When the daemon stepped from the shadows, the darkness seemed to cling to his tall, lean form, separating from the black leather of his jacket and the faded denim of his jeans reluctantly. For long seconds, his angular face and muscled shoulders seemed to be draped in a dark winglike mantle. Lily Santiago’s breath caught in her lungs as familiarity punched her in the gut until he came forward another step.
She blinked as he moved, and she exhaled a long shaky breath as the shadows retreated to the corner of the kiva where they belonged. The daemon didn’t have wings. But he should, her senses told her. He should. An impossible familiarity began to foment in her brain. She’d seen this daemon before.
The underground Hopi chamber was a circular room with a packed earthen floor and stacked stone walls. There was only one opening to the sky where an old wooden ladder would have leaned. She’d used a nylon climbing rope to descend the ten feet. The abandoned chamber would have been dark at midday—at midnight only her lantern and the occasional flash of the daemon’s nightglow eyes as they refracted the low light held back the night. The firepit on the other side of the sipapu had been cold for a century or more. She rose slowly from her crouched position near the kachina dolls she had carefully placed for the ceremony she was about to invoke. She gripped a short silver flute in one clenched fist.
“Move away from the edge,” the daemon ordered.
Lily had heard daemons speak before, yet none of their voices had been so deep and melodic. Her heart thrummed in response to the mellow drawl of his vowels and the low pitch of his husky tone. He wore a guitar on his back, she noted. The silver-studded strap crossed his broad chest and she could see the neck of the instrument behind his right shoulder.
If his voice caused gooseflesh to rise on her bare arms, it was the Brimstone of his blood that forged a deeper reaction. Her stomach coiled. Her muscles tightened. Her skin flushed and her breath, once caught, now came too quickly between parched, parted lips. She was used to being buffered against the Brimstone burn. She’d known she would have to be much stronger outside the palace walls.
Her affinity for daemons was her greatest strength and her greatest potential weakness. She could summon them, but she couldn’t control them. Her control was limited to the elemental spirits that dwelled in the kachina dolls her mother had carved. Those she could summon and control.

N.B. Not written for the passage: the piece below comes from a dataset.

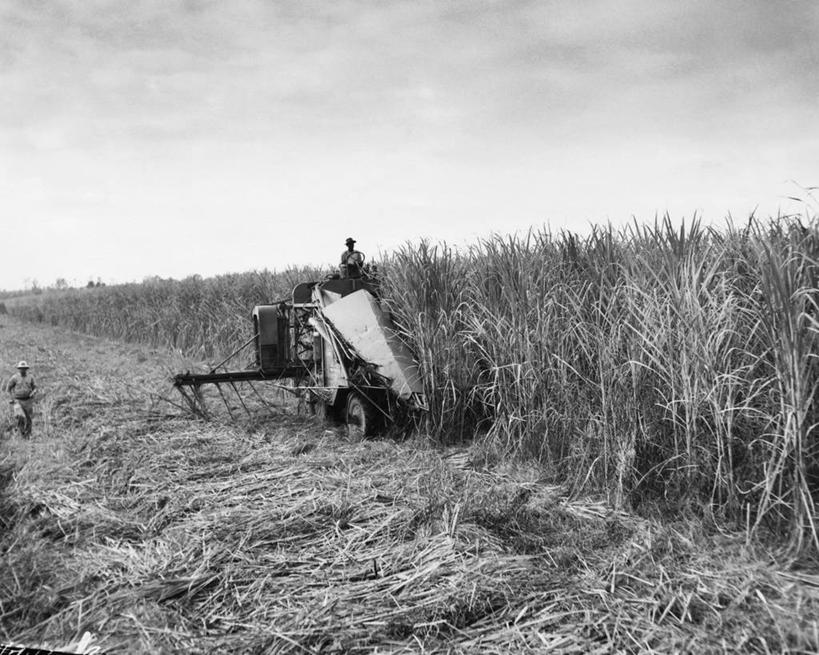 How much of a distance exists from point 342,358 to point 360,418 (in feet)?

But daemons were different.
No one could control Brimstone’s burn, not even the daemon whose veins flowed with the lava of hell. Her affinity made her vulnerable, so she stood and waited for the inevitable fight.
“I promised my mother when she died that I would seal every sipapu in New Mexico with the skills she had taught me,” Lily said. It was a warning. She wasn’t here to fight, but neither would she be swayed from her mission.